---- Data extract

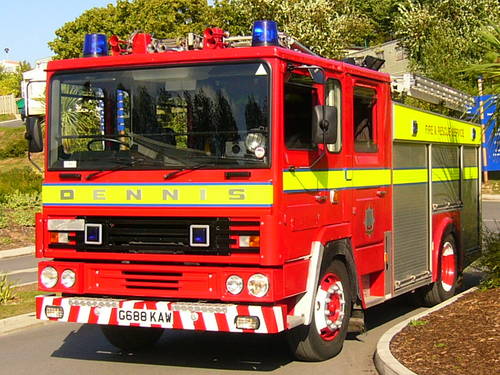 'Safety first' call for plug in solar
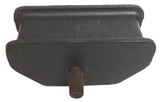 McQuay-Norris Engine Mount MM2264
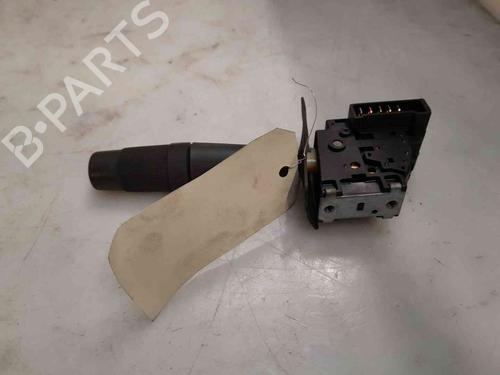 Steering column stalk PEUGEOT 205 II (20A/C) 1.0 | BP24012135I23 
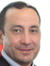 Simon Gesner
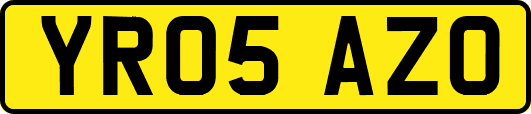 YR05AZO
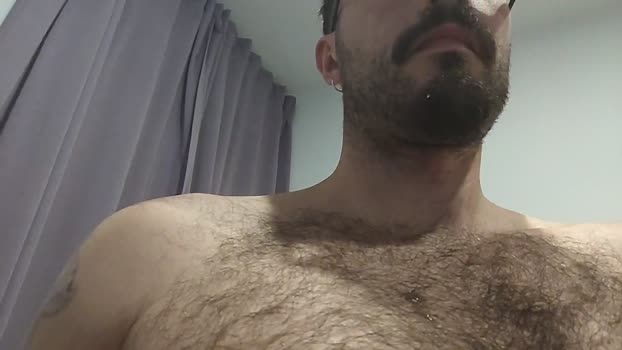 James_touch ass Webcam SHOW @ Cam4 22-12-2024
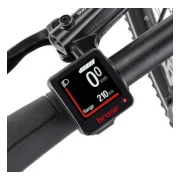 Fischer TERRA 6.8i ULTIMATE Men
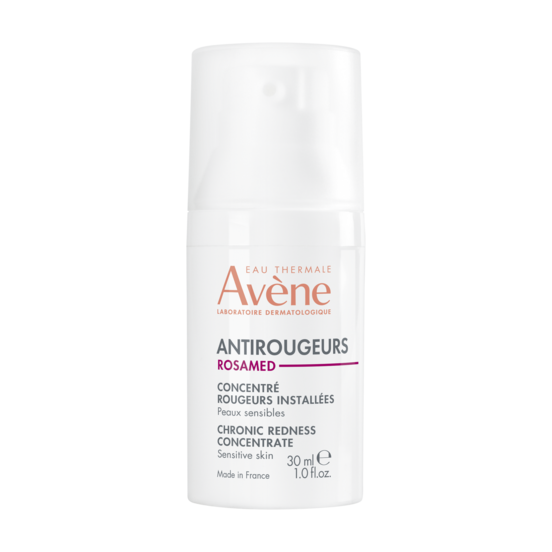 Av_antirougeurs-rosamed_concentre-rougeurs-installees_front-Packshot_30ml_pl_3282770392920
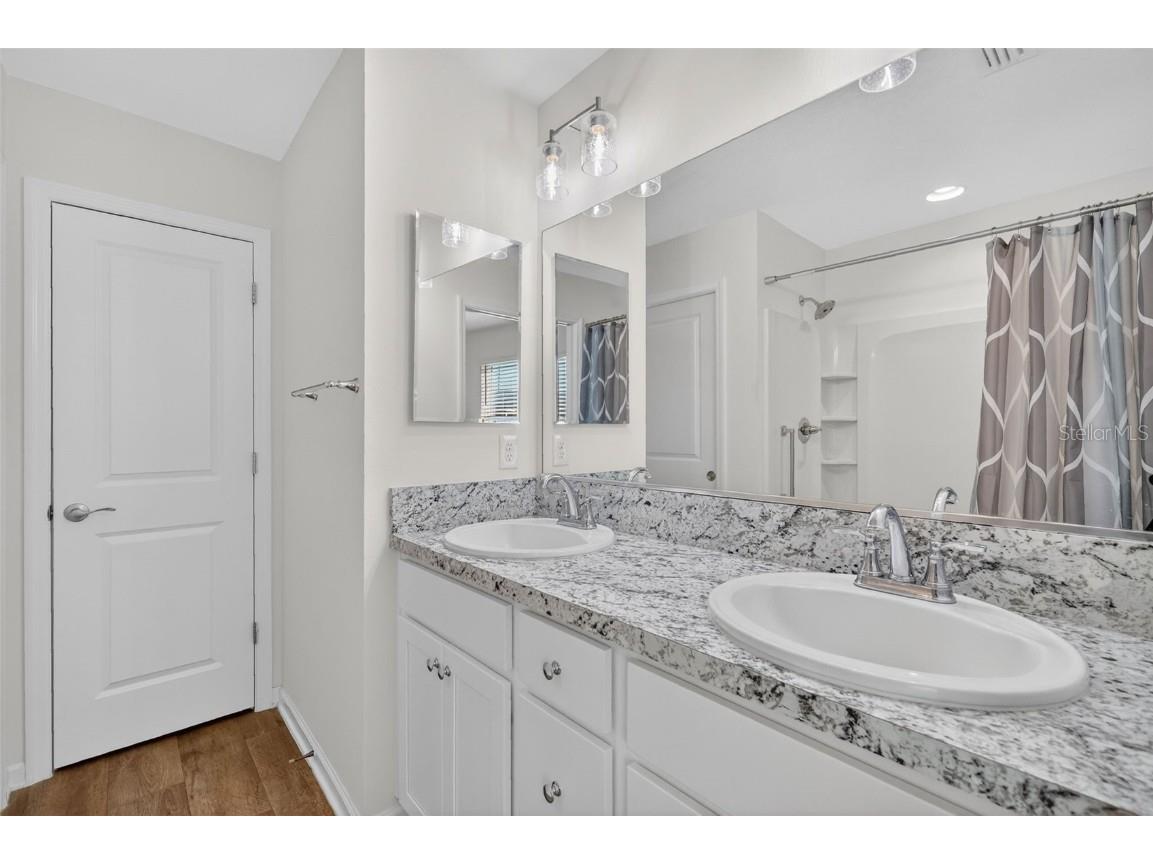 5441 Boaz Avenue The Villages FL 32163 G5105618 image19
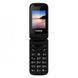 Телефон Sigma X-style 241 Snap Red UA 25691 фото 2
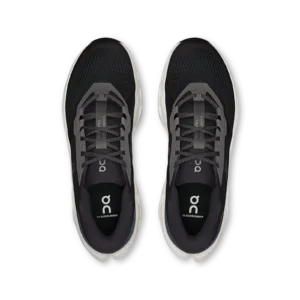 Cloudrunner 3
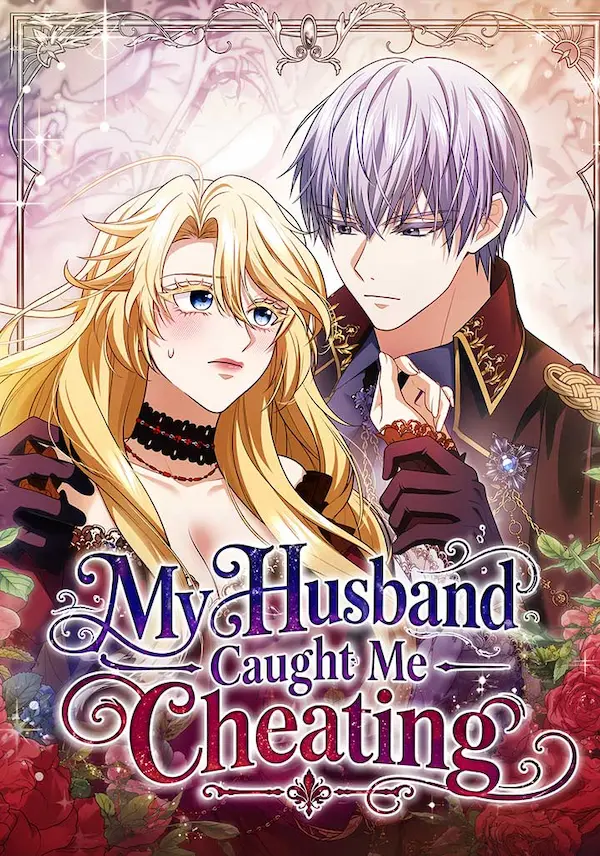 My-Husband-Caught-Me-Cheating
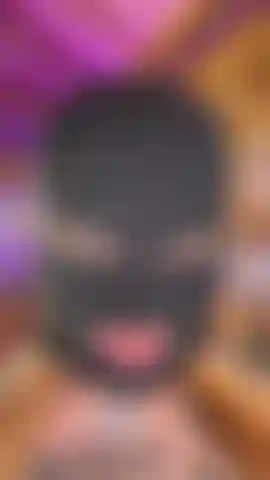 4 K bj bâclée, seins éjacule.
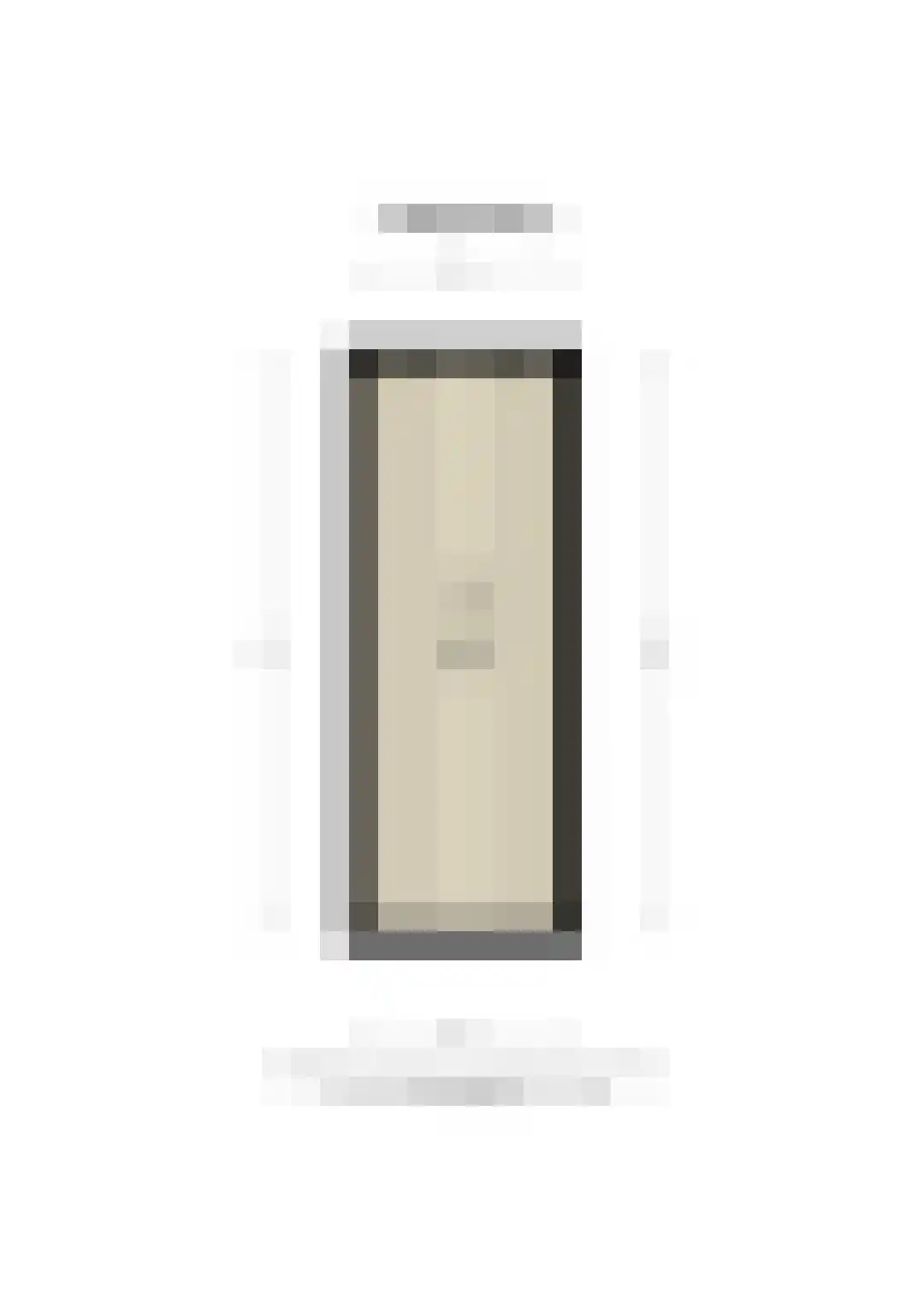 De Goorn 38 De Goorn thumbnail 42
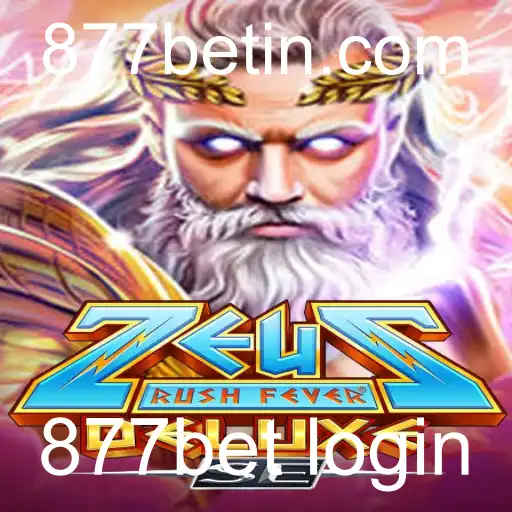 Explorando o Mundo de ZeusRushFeverDeluxeSE: Um Jogo de Aventura Épico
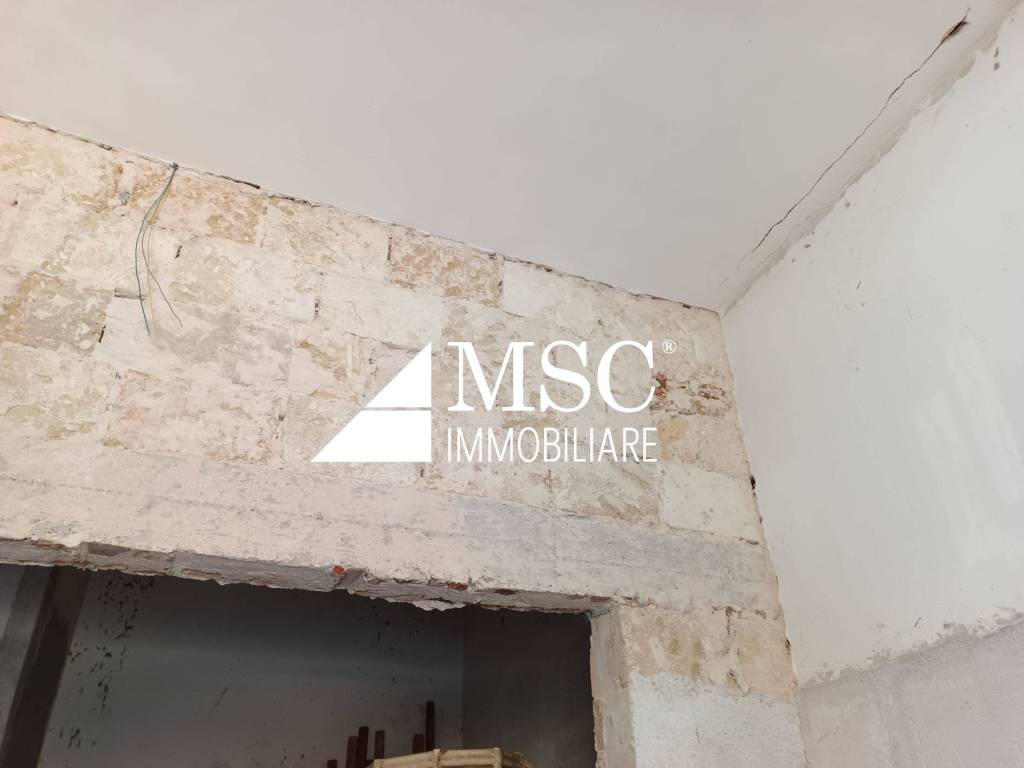 Appartamento a Terrasini in Via Francesco Crispi, 4 - Foto 3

--------

### Activity
Please copy exactly the lines from the one containing "Телефон Sigma X-style" through the last line of the records above, both included, and leave out any pictures.

### Response
 Телефон Sigma X-style 241 Snap Red UA 25691 фото 2
 Cloudrunner 3
 My-Husband-Caught-Me-Cheating
 4 K bj bâclée, seins éjacule.
 De Goorn 38 De Goorn thumbnail 42
 Explorando o Mundo de ZeusRushFeverDeluxeSE: Um Jogo de Aventura Épico
 Appartamento a Terrasini in Via Francesco Crispi, 4 - Foto 3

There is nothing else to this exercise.